ACTIVITY: Give the records below again, word for word. No pictures belong in the copy.

PROVIDED DATA:
Segment Open

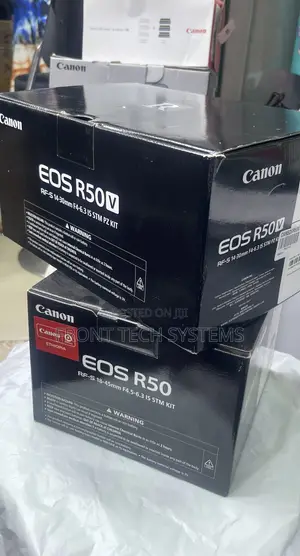 Canon Eos R50v With 14/30mm F4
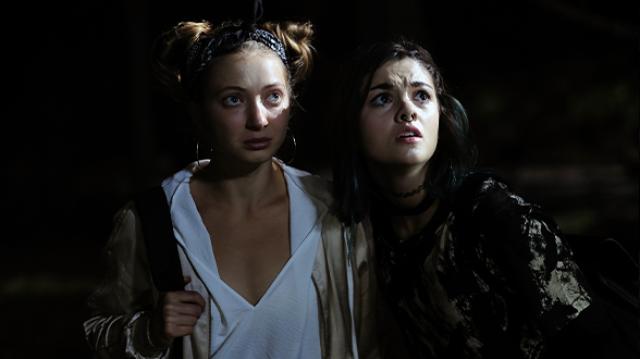 危機封城預告片 01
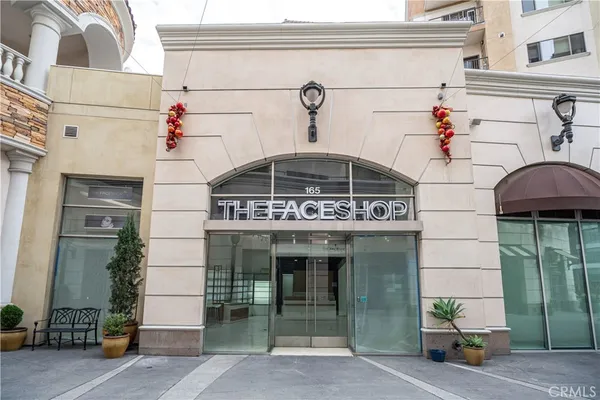 $4,249 | 500 North Atlantic Boulevard, Unit 165, Monterey Park, CA 91754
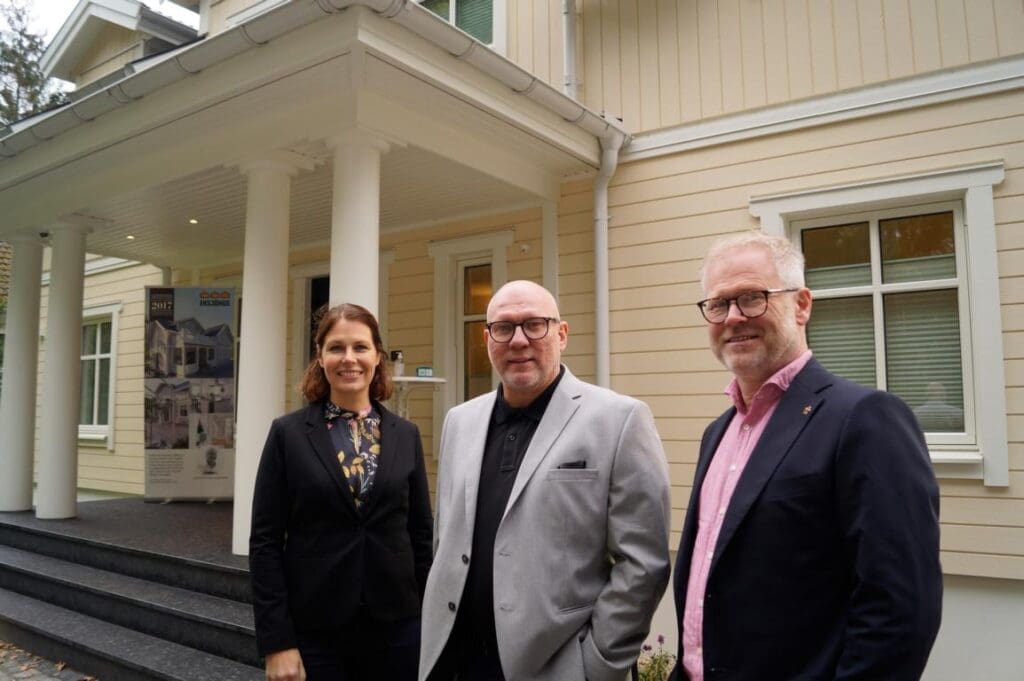 Frida Scherdén, Daniel Erkenborn und Jari Saari von Eksjöhus | 60 Jahre Eksjöhus in Deutschland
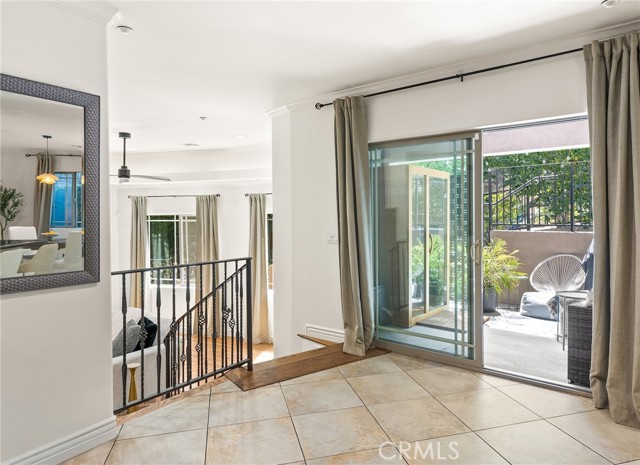 11145 Sunshine Terrace, Studio City CA: https://media.crmls.org/medias/53650849-5f82-4c7e-8d4d-441905f33128.jpg
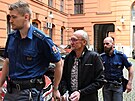 Podvodník Pavel Vorlický, který se skrýval ped policií pod falenými...
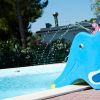 Scivolo a forma di elefante vicino a una piscina.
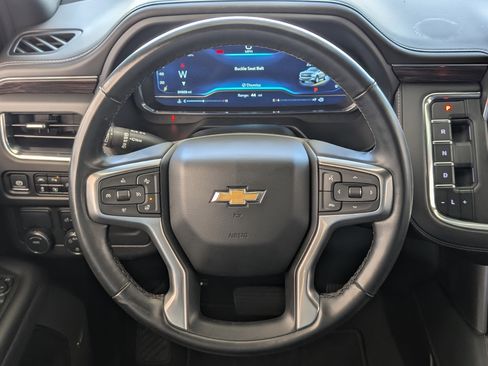 Used 2024 Chevrolet Suburban LT w/ Luxury Package RWD image 25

Segment Closed

SOLUTION:
 Canon Eos R50v With 14/30mm F4
 危機封城預告片 01
 $4,249 | 500 North Atlantic Boulevard, Unit 165, Monterey Park, CA 91754
 Frida Scherdén, Daniel Erkenborn und Jari Saari von Eksjöhus | 60 Jahre Eksjöhus in Deutschland
 11145 Sunshine Terrace, Studio City CA: https://media.crmls.org/medias/53650849-5f82-4c7e-8d4d-441905f33128.jpg
 Podvodník Pavel Vorlický, který se skrýval ped policií pod falenými...
 Scivolo a forma di elefante vicino a una piscina.
 Used 2024 Chevrolet Suburban LT w/ Luxury Package RWD image 25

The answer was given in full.